TABOGA: (lacht) Ja, das kann sein. Aber ich bin ein Mensch, der keine einfachen Wege geht. Viele haben nach meinem Wechsel gesagt: "Jetzt ist deine Karriere vorbei!" Das ist ein zusätzlicher Ansporn für mich. Ich weiß, dass ich kein Filigrantechniker bin, auf den alle warten. Ich habe mir in meiner Karriere alles hart erkämpft. Und das passt auch gut zu einem Klub wie Grödig.

Heute kommt es zum direkten Aufeinandertreffen mit dem KSV – das Duell der besten Frühjahrsmannschaften. Wird das schon ein richtungsweisendes Spiel in Sachen Titelkampf?
TABOGA: Es wird auf jeden Fall ein sehr, sehr hartes Spiel. Wir haben in dieser Saison schon zwei Mal gegen den KSV verloren. Es ist also noch eine Rechnung offen.

Tabellenführung - Last oder Befreiung? Was ist Ihr Gefühl?
TABOGA: Es wird sich zeigen, wie wir damit umgehen, dass wir jetzt Tabellenführer sind. In unserer jetzigen Lage muss es aber klarerweise unser Anspruch sein, jedes Spiel zu gewinnen.

Haben Sie bei Ihrer Vertragsunterzeichnung in Grödig jemals daran gedacht, dass der Klub um den Aufstieg spielen wird?
TABOGA: Das war mir damals überhaupt nicht bewusst. Ich bin wirklich ein großes Risiko eingegangen.
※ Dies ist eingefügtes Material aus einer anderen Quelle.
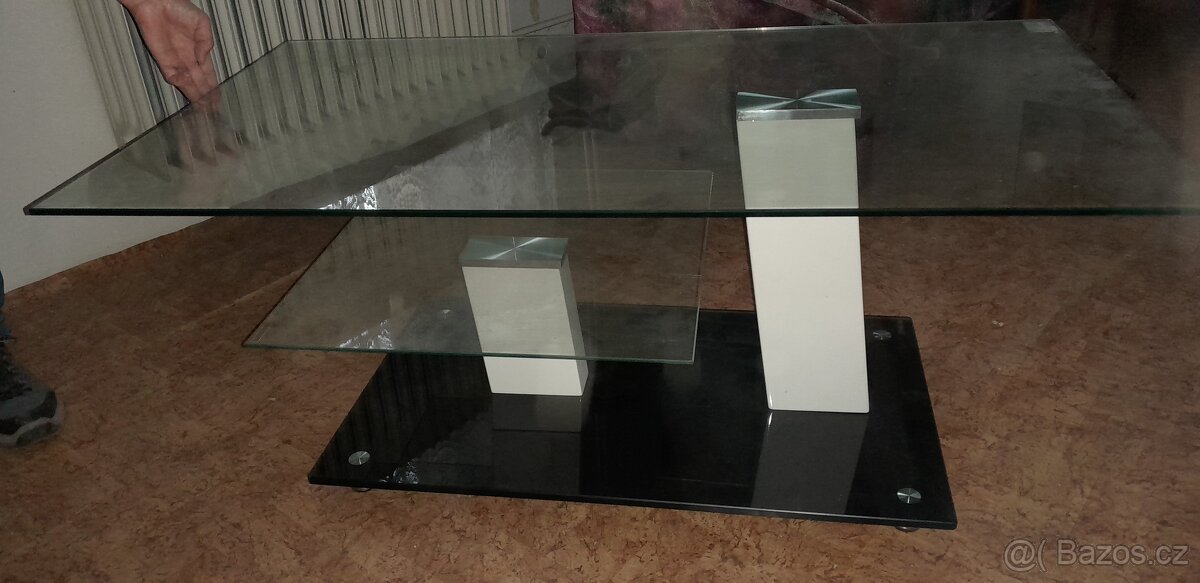 Skleněný konferenční stolek - 2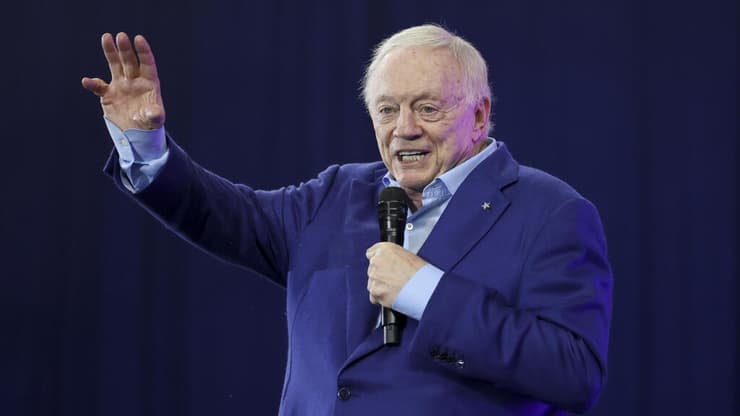 הבעלים של דאלאס קאובויס ג'רי ג'ונס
Damals gab es noch keinen Trainer und keine neuen Spieler, aber die Visionen des Obmanns haben mich beeindruckt. Dass sich der Erfolg so schnell einstellt und wir jetzt Erster sind, damit hat keiner gerechnet.

Ihr heutiger Gegner KSV hat ein turbulentes Jahr hinter sich. Zuerst der Abstieg aus der Bundesliga, im Herbst der Absturz in der Ersten Liga - Trainerwechsel inklusive. Was ist bei Ihrem Ex-Klub schief gelaufen?
TABOGA: Damit will ich mich nicht mehr beschäftigen. Der KSV ist für mich abgehakt. Ich bin nicht im Guten gegangen.

Wieso?
TABOGA: Die Klubspitze hat einiges nicht eingehalten, was sie versprochen hat. Mir wurde damals im Frühjahr mitgeteilt, dass sie mich halten wollen. Zu Vertragsverhandlungen ist es dann aber nie gekommen, es hat niemand mehr mit mir gesprochen. Deshalb hat es auch Gespräche mit anderen Klubs gegeben, da ich wegen meiner Familie rechtzeitig Sicherheit wollte. Im Nachhinein wurde mir das dann vorgeworfen, Dinge wurden falsch dargestellt.

Welche Fehler wurden sportlich gemacht?
TABOGA: Die Philosophie von Thomas von Heesen war sicher sehr gut, aber für den Abstiegskampf in der Bundesliga und dann in der Ersten Liga falsch. Nur Fußball zu spielen, funktioniert in dieser Liga nicht. Ich denke auch, dass ein österreichischer Trainer besser gewesen wäre, da von Heesen die Erste Liga überhaupt nicht kannte. Aber sie haben die Rechnung präsentiert bekommen.

Das heißt, Sie haben den Absturz des KSV in der Ersten Liga befürchtet?
TABOGA: Ich war mir im Sommer schon sicher, dass sie sicher nicht gleich wieder aufsteigen werden, obwohl sie den stärksten Kader haben. Aber dass es im Herbst so schlecht läuft, hätte ich mir nicht gedacht.

Wenn Sie heute den Rasen betreten: Spüren Sie noch so etwas wie eine Extraportion Motivation, wenn es gegen Ihren Ex-Klub geht?
TABOGA: Ex-Klub hin oder her – ich brauche keine zusätzliche Motivation. Der Titel ist Motivation genug und wäre auch ein schönes Zeichen in Richtung Kapfenberg, dass damals die Falschen weggeschickt worden sind.